Así es como esa noche marcha hacia la pollería con el propósito de reparar el problema suscitado el sábado. Pasó el domingo, pasó el lunes, y confía que ese lapso permita que las cosas para Cintia se hayan calmado un poco, sino del todo.

Se ha vestido lo mejor que pudo: se puso una camisa de salir bien canchera que tiene unos rombos chiquitos dibujados sobre la tela, y un jean un poco baqueteado, chupín, que le marca las piernas. 

Llega, de tal modo, animado, a la pollería. Pero cuando se acerca al mostrador para saludar a Cintia que se encuentra en la caja, ella ignora su saludo, sin mirarlo. Inquieto, vuelve a saludarla, diciéndole: ¡Buenas!…, esperando que conteste.

Y ella lo hace, aunque de la peor manera:

¿Qué hacés acá?…, lo increpa.   

¿Cómo qué hago acá?…, responde con otra pregunta, para agregar de inmediato: ¡Vengo a laburar, como todos los días!…

¡Vos acá no laburás más!…, le advierte, ella, cortante.

Por un momento se queda callado, mirándola, hasta que al final le dice:

¿Así que no laburo más?… ¿Y a qué se debe?…

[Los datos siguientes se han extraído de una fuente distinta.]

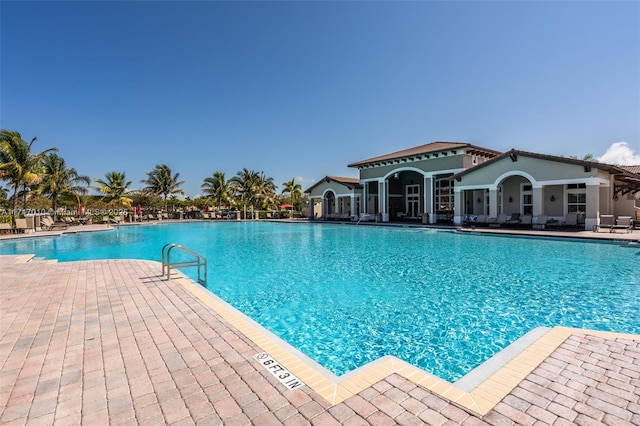 view of swimming pool featuring a patio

¡Incumplimiento laboral!…, responde ella. Suelta una carcajada incontenible, motivada por la razón aducida. El tema del incumplimiento le parece un hallazgo que le permite enrostrarle su fracaso por medio de un eufemismo propio del léxico patronal. 

¡Incumplimiento!…, repite, pegando unos golpecitos con los dedos sobre el mostrador.

¡Sí, incumplimiento!…, insiste ella. ¿O querés que te lo explique de otra manera?…

Mira sus ojos, llameantes. A pesar de su furia, o quizás, como consecuencia de ella, esos ojos azules le parecen más fascinantes que nunca. Querría agarrarla, por encima del mostrador, apretar su cabeza con fuerza y pegarle un chupón infinito, hasta dejarla sin aire.

Pero sabe que no es posible.

Repite, entonces: ¡incumplimiento laboral!…, pegando media vuelta y saliendo, mientras siente que la mirada de Cintia le atraviesa la espalda. Se trepa a la moto para alejarse de ese lugar, sabiendo que no hay retorno. Nunca una para este lado, se dice, ya en la calle.